While opening the seminar, Indonesian Ambassador to Norway and Iceland Todung Mulya Lubis remarked that NU and Muhammadiyah were two organizations that had a significant influence in Indonesia.

Currently, NU members reach around 60 million, while those of Muhammadiyah are some 40 million. Hence, collectively, they constitute some 38.46 percent of Indonesia's total population.

"This large percentage hints at the major influence that these two organizations have as a force to maintain the integrity of the Republic of Indonesia," Ambassador Lubis pointed out.

Lubis further stressed that the strength of a country is strongly influenced by the strength of its civil society. If the civil society is strong, the country will automatically be strong. To this end, NU and Muhammadiyah have contributed notably to ensure that the values of tolerance are upheld in Indonesian civil society, and it remains progressive.

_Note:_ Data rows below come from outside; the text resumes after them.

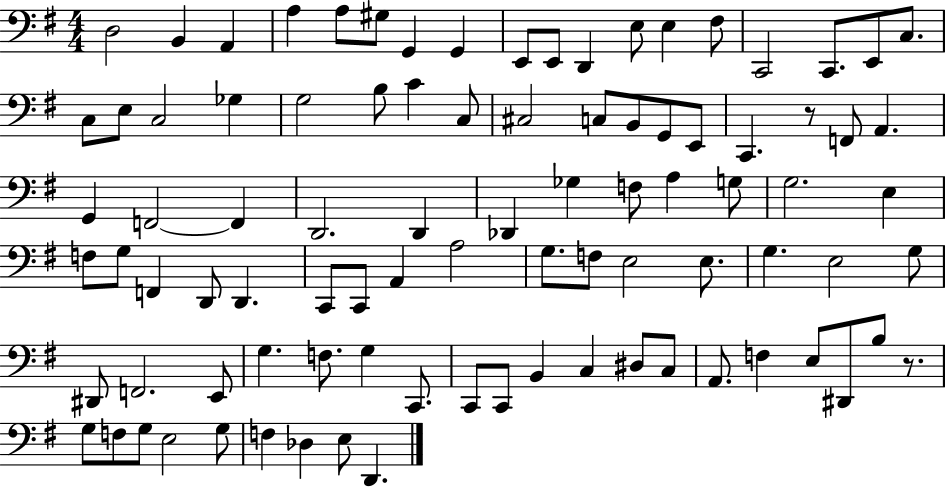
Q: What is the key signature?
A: G major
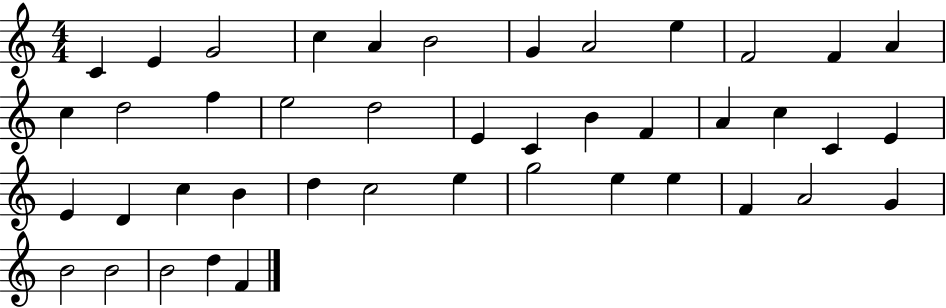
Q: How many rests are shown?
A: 0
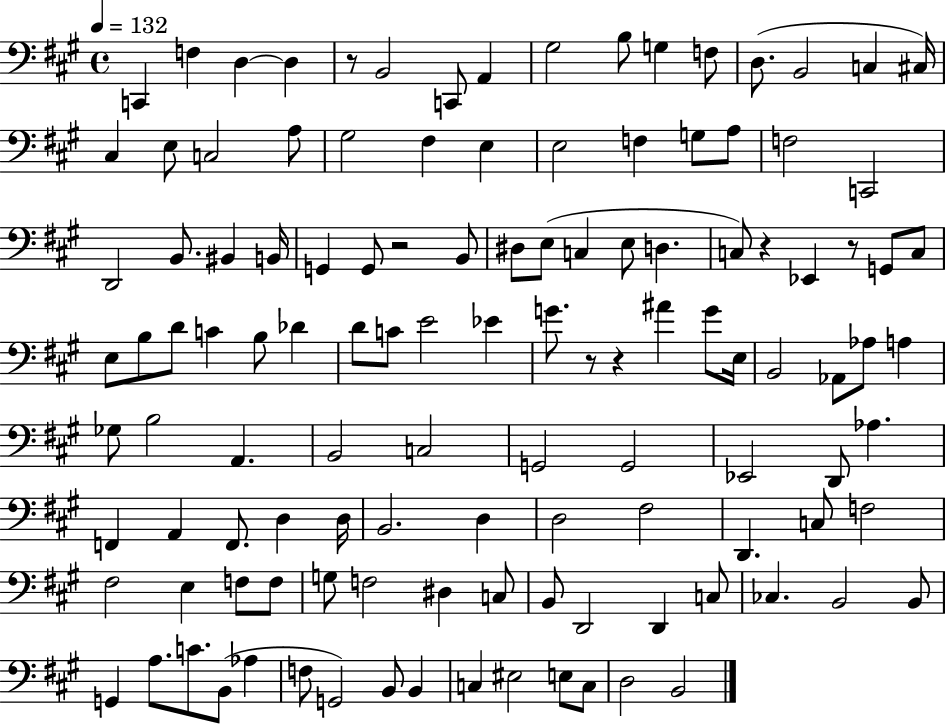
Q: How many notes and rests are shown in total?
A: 120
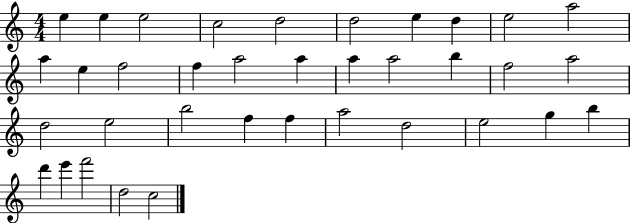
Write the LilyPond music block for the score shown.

{
  \clef treble
  \numericTimeSignature
  \time 4/4
  \key c \major
  e''4 e''4 e''2 | c''2 d''2 | d''2 e''4 d''4 | e''2 a''2 | \break a''4 e''4 f''2 | f''4 a''2 a''4 | a''4 a''2 b''4 | f''2 a''2 | \break d''2 e''2 | b''2 f''4 f''4 | a''2 d''2 | e''2 g''4 b''4 | \break d'''4 e'''4 f'''2 | d''2 c''2 | \bar "|."
}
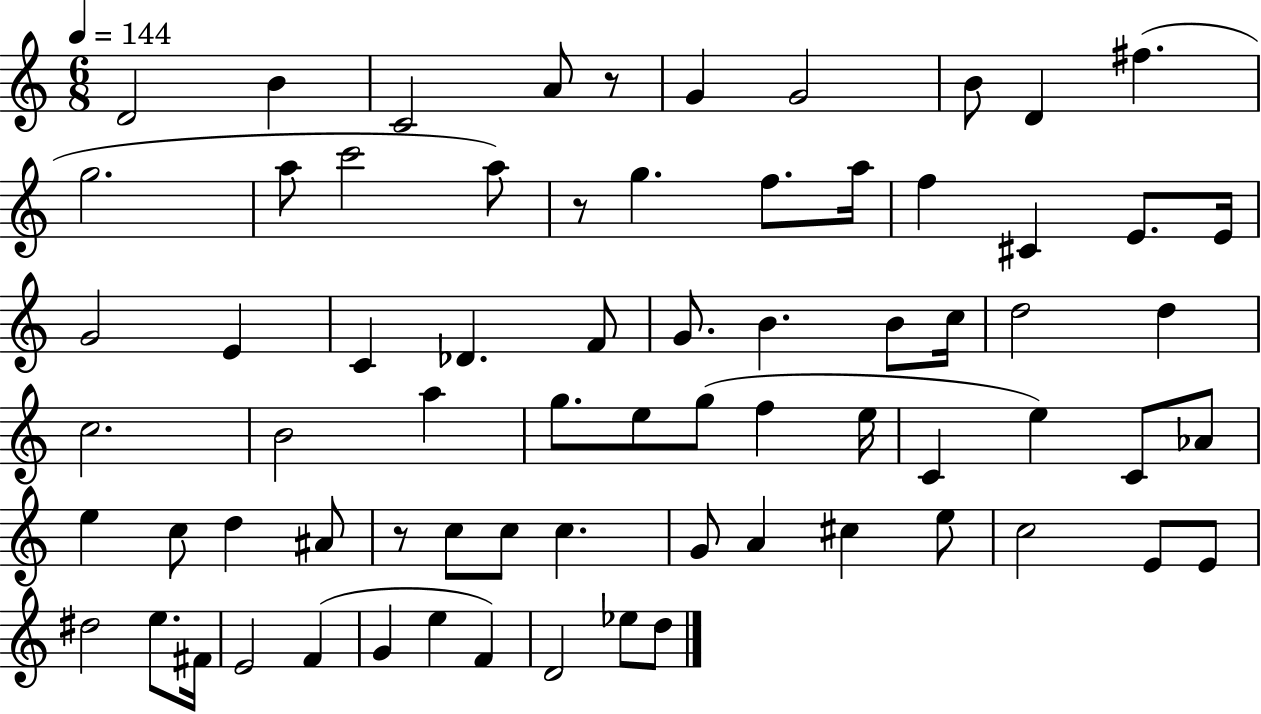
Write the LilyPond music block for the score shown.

{
  \clef treble
  \numericTimeSignature
  \time 6/8
  \key c \major
  \tempo 4 = 144
  d'2 b'4 | c'2 a'8 r8 | g'4 g'2 | b'8 d'4 fis''4.( | \break g''2. | a''8 c'''2 a''8) | r8 g''4. f''8. a''16 | f''4 cis'4 e'8. e'16 | \break g'2 e'4 | c'4 des'4. f'8 | g'8. b'4. b'8 c''16 | d''2 d''4 | \break c''2. | b'2 a''4 | g''8. e''8 g''8( f''4 e''16 | c'4 e''4) c'8 aes'8 | \break e''4 c''8 d''4 ais'8 | r8 c''8 c''8 c''4. | g'8 a'4 cis''4 e''8 | c''2 e'8 e'8 | \break dis''2 e''8. fis'16 | e'2 f'4( | g'4 e''4 f'4) | d'2 ees''8 d''8 | \break \bar "|."
}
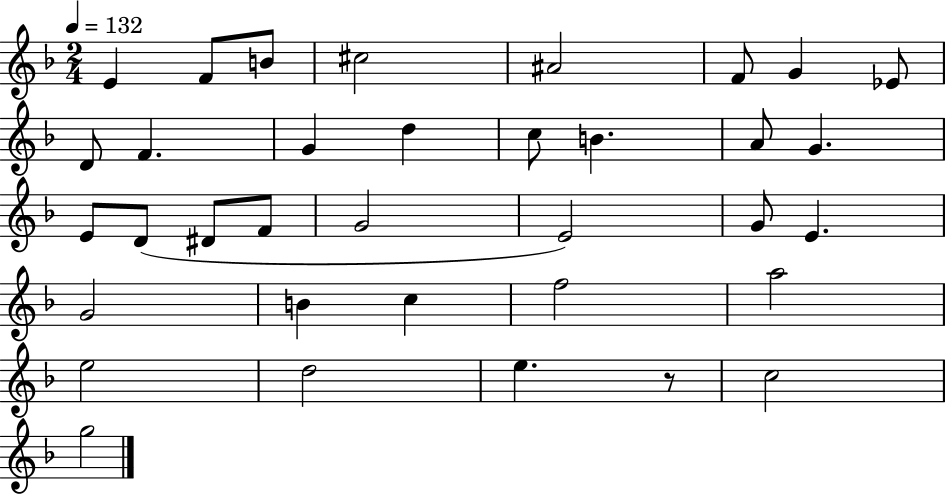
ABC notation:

X:1
T:Untitled
M:2/4
L:1/4
K:F
E F/2 B/2 ^c2 ^A2 F/2 G _E/2 D/2 F G d c/2 B A/2 G E/2 D/2 ^D/2 F/2 G2 E2 G/2 E G2 B c f2 a2 e2 d2 e z/2 c2 g2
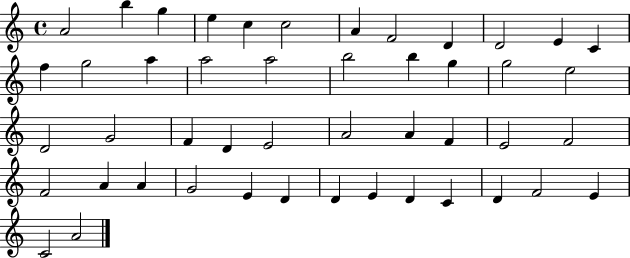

At this seminar, Syuhud spoke at length on the concept of Islam Nusantara (Islam of the Archipelago) that mirrored moderate Islam. The archipelago's Islamic concept promotes basic Islamic values, such as the middle way (tawasuth), balance (tawazun), and tolerance (tasamuh), that can be cultivated to maintain peace and unity of the Indonesian people in the midst of very complex plurality.

On the other hand, Abdul Mu'ti elaborated that in spite of employing a different approach, Muhammadiyah had also introduced moderate, peaceful, and prosperous Muslim concepts. He believes that every Muslim must understand his or her responsibility in terms of his or her character and towards his or her community and country.

"As individuals, every Muslim is free to practice worship in accordance with the teachings he or she believes in. However, it must be borne in mind that his freedom is also limited by his or her responsibilities as a member of society and a citizen. He or she must submit to the social norms of society as well as positive laws governed by the state, " he emphasized.